Acusações de discriminação política
Trump alega que o JPMorgan Chase tomou uma 'decisão unilateral' para fechar suas contas após décadas de relacionamento bancário, sendo alvo com base no que ele chama de 'crenças woke infundadas'. De acordo com os documentos legais, o banco teria fechado várias contas de Trump em fevereiro de 2021 sem explicação e com apenas 60 dias de aviso prévio.
'O banco essencialmente bloqueou as contas dos autores porque a empresa acreditava que o clima político na época favorecia essa ação,' afirma a queixa protocolada no Condado de Miami-Dade, Flórida.
A ação alega que o JPMorgan violou a Lei de Acesso Justo a Bancos da Flórida, que proíbe instituições financeiras de negar serviços com base em crenças políticas ou religiosas. A lei, que entrou em vigor em julho de 2024, estende a proteção contra o que autoridades da Flórida chamam de 'discriminação' por instituições financeiras.
Resposta do JPMorgan e contexto regulatório
O JPMorgan Chase negou veementemente as acusações e afirma que a ação é 'infundada' e que as contas são fechadas devido a riscos legais ou regulatórios, não por motivos políticos. Um porta-voz do banco disse à CNBC: 'Fechamos contas porque elas apresentam riscos legais ou regulatórios para a empresa. Lamentamos ter que fazer isso, mas regras e requisitos legais frequentemente nos obrigam.'
O banco acrescentou que pediu aos governos atual e anteriores que alterassem as regras e regulamentos que os colocaram nessa posição, e que apoia os esforços do governo para evitar que o sistema bancário seja usado como arma.
Contexto histórico e relacionamentos bancários
Trump manteve relacionamentos bancários com o JPMorgan Chase por décadas antes dos alegados fechamentos de contas. A ação alega que o banco colocou Trump, a Trump Organization, entidades relacionadas e até membros da família de Trump em uma lista negra acessível a bancos regulados federalmente.
Esta ação legal ocorre em meio a tensões contínuas entre Trump e grandes corporações, especialmente após o ataque ao Capitólio em 6 de janeiro e sua saída da Casa Branca. Trump havia declarado anteriormente, em agosto, que os bancos o haviam discriminado no passado, alegando que o JPMorgan pediu que ele fechasse contas que mantinha há décadas.
Precedentes legais e impacto no setor
O caso pode estabelecer precedentes importantes sobre como as instituições financeiras lidam com contas de pessoas politicamente proeminentes. As leis bancárias da Flórida, expandidas nos últimos anos, proíbem especificamente a negação de serviços com base em opiniões políticas, crenças religiosas ou afiliações.

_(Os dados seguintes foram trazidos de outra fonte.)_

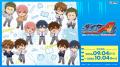 TVアニメ『ダイヤのA actII -Second Season-』より、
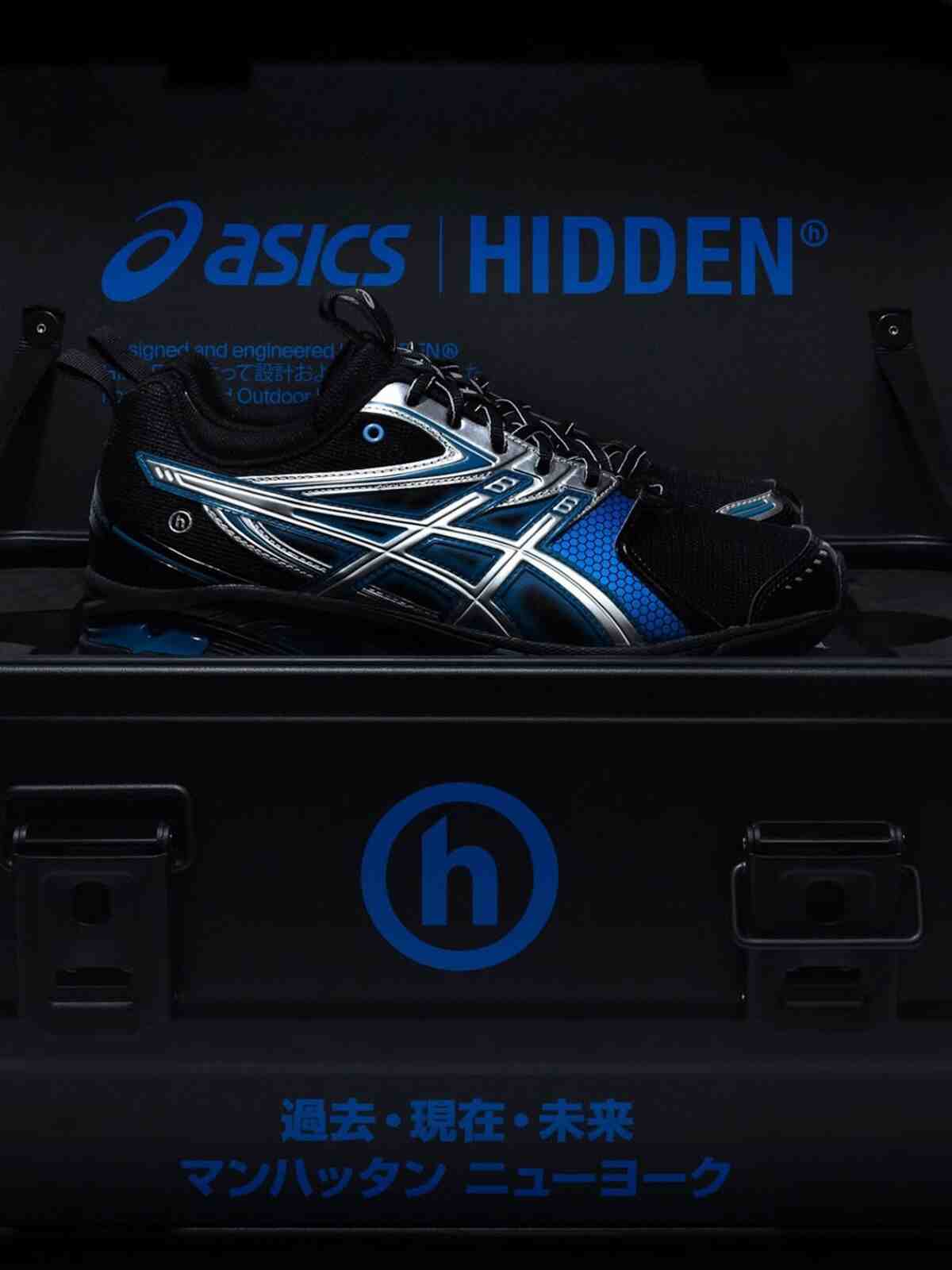 Hidden NY x ASICS GEL-DS Trainer 14 "Dusk "提供陰影新外觀 ASICS Gel-DS Trainer, asics - Hidden NY x ASICS GEL-DS Trainer 14 "Dusk "提供陰影新外觀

De acordo com o Consumer Finance Monitor, a legislação da Flórida estabelece um processo de reclamação através do Escritório de Regulação Financeira da Flórida, exigindo que as instituições respondam dentro de 90 dias. Instituições financeiras consideradas em violação podem receber multas e podem ser consideradas em violação da Lei de Práticas Comerciais Enganosas e Injustas da Flórida.
Implicações mais amplas para o setor bancário
O processo destaca a crescente tensão entre práticas corporativas e neutralidade política no setor financeiro. Como o maior banco dos Estados Unidos e o maior banco do mundo em capitalização de mercado a partir de 2025, de acordo com a Wikipedia, as ações do JPMorgan Chase são monitoradas de perto por reguladores e concorrentes.
O caso também surge em um momento em que legislação semelhante está surgindo em outros estados, como o Tennessee, refletindo um movimento mais amplo de múltiplos estados contra o uso de fatores ambientais, sociais e de governança (ESG) em decisões corporativas.
O advogado pessoal de Trump, Alejandro Brito, que esteve envolvido em processos de Trump contra empresas de mídia como a ABC News e a BBC por difamação, moveu a ação. A equipe jurídica alega que o banco violou o 'contrato implícito de boa fé e tratamento justo' entre bancos e clientes.
Enquanto esta batalha legal de alto perfil se desenrola, ela testará os limites da regulação bancária, expressão política e responsabilidade corporativa em um cenário financeiro cada vez mais polarizado.